Hi
On 14/03/13 02:59, Steve Karlovic wrote:
Hello,
I am using CXF for RESTful services. I would like to capture the time it takes
to marshal the response separately from the time it takes to write the response
and send it to the client. It seems like the JAXRSOutInterceptor is responsible
for the marshalling. Immediately after marshalling it appears that the write
occurs as well. Is there a way to have a method I write in my own class to be
called as soon as the response is marshalled but before the data is sent? Is
there another interceptor I should be looking at as well? We are using 2.6.1.

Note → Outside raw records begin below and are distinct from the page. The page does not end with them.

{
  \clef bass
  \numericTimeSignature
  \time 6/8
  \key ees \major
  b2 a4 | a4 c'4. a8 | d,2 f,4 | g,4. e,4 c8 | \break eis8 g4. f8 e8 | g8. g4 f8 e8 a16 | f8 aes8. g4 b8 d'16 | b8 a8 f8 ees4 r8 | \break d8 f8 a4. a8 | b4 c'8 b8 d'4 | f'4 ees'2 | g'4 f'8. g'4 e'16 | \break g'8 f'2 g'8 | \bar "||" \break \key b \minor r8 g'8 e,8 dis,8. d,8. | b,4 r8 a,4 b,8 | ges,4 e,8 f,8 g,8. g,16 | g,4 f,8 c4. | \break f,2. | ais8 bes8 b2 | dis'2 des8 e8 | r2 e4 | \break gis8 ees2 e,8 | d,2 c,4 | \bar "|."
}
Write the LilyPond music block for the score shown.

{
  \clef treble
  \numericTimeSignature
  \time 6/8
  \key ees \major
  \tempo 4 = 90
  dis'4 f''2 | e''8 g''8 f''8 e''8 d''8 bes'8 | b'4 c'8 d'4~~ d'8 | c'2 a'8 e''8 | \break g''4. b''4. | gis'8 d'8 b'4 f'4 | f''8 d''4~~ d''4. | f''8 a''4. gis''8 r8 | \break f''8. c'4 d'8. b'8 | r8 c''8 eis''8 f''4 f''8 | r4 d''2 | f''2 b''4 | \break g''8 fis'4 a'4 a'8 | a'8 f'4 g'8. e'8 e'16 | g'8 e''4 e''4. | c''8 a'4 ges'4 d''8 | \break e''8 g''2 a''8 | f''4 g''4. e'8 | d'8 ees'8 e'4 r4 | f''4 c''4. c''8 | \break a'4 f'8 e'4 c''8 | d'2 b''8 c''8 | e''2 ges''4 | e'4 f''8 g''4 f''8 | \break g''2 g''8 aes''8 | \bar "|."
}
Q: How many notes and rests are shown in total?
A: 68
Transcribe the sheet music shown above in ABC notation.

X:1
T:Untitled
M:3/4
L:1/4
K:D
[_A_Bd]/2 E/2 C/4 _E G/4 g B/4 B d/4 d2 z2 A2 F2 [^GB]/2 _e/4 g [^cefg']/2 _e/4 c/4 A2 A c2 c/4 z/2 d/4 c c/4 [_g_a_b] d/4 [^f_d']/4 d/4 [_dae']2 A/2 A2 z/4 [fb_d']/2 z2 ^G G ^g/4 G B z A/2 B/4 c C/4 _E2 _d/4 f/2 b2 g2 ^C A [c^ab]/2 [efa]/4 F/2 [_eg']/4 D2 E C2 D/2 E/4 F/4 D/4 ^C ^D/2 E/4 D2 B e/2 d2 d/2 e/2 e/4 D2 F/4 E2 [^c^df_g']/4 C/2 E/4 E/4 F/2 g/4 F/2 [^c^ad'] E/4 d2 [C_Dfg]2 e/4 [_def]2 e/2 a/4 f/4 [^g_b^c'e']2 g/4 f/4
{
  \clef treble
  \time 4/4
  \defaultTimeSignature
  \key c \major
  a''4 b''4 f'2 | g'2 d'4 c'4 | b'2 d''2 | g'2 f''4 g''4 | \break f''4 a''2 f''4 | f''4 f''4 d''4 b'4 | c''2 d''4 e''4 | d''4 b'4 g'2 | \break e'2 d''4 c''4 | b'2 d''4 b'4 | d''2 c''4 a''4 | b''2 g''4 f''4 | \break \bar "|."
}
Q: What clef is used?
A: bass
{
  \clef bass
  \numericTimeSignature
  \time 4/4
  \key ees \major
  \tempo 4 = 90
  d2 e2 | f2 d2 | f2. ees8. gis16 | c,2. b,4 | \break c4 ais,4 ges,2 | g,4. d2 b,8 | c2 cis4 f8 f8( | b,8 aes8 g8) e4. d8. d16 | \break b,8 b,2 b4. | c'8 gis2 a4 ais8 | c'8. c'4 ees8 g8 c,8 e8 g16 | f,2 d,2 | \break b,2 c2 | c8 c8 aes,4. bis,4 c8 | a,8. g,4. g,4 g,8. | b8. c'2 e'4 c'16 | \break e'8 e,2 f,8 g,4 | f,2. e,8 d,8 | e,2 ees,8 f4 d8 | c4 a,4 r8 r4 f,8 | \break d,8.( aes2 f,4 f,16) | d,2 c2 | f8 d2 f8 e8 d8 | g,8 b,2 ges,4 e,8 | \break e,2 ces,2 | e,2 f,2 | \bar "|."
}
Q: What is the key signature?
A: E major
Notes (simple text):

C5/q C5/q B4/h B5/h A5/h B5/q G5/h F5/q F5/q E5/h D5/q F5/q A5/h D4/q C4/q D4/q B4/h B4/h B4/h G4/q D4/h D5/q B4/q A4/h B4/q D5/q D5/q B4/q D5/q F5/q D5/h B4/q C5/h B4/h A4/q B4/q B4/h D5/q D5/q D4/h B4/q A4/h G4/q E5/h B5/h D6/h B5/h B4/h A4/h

Assuming it is JAXB, what you can do is to register a custom
XMLStreamWriter which will calculate the time between writeStartDocument
and writeStartDocument.
The custom writer can be registered from the out CXF interceptor or
ResponseHandler filter, like this:
http://svn.apache.org/repos/asf/cxf/trunk/systests/jaxrs/src/test/java/org/apache/cxf/systest/jaxrs/XmlStreamWriterProvider.java
(see the two lines within the 'if' branch), on the trunk it is JAX-RS
2.0 ContainerResponseFilter which does it, but the same two lines will
work in CXF 2.6.2 when done from the interceptor or ResponseHandler filter.
The actual custom interceptor may look like this:
http://svn.apache.org/repos/asf/cxf/trunk/systests/jaxrs/src/test/java/org/apache/cxf/systest/jaxrs/XmlStreamWriterProvider.java
except that all you will have to do is to override writeStartDocument &
writeEndDocument instead
This will give you the time it takes to marshal.
Catching the actual time when the response has been sent can be trickier
I guess. In JAX-RS 2.0 one can use
http://jax-rs-spec.java.net/nonav/2.0-SNAPSHOT/apidocs/javax/ws/rs/container/CompletionCallback.html
CXF will actually callback on it when the relevant async servlet
callback is called, so it can be really close.
but that will work for the code using 2.0 AsyncResponse only, starting
from 2.7.x.
I guess, what you can try to do is to replace an OutputStream on the
message,
OutputStream os = outMessage.getContent(OutputStream.class);
and wrap it with some filtered output stream that will catch when say
flush() is called, I'm not exactly sure how precise the data you can get
with this approach. Another option may be is to replace
HttpServletResponse with a wrapper (can be done from a servlet filter or
even from CXF interceptor, it is registered on the inbound message as
"HTTP.RESPONSE"), and override its ServletOutputStream, etc.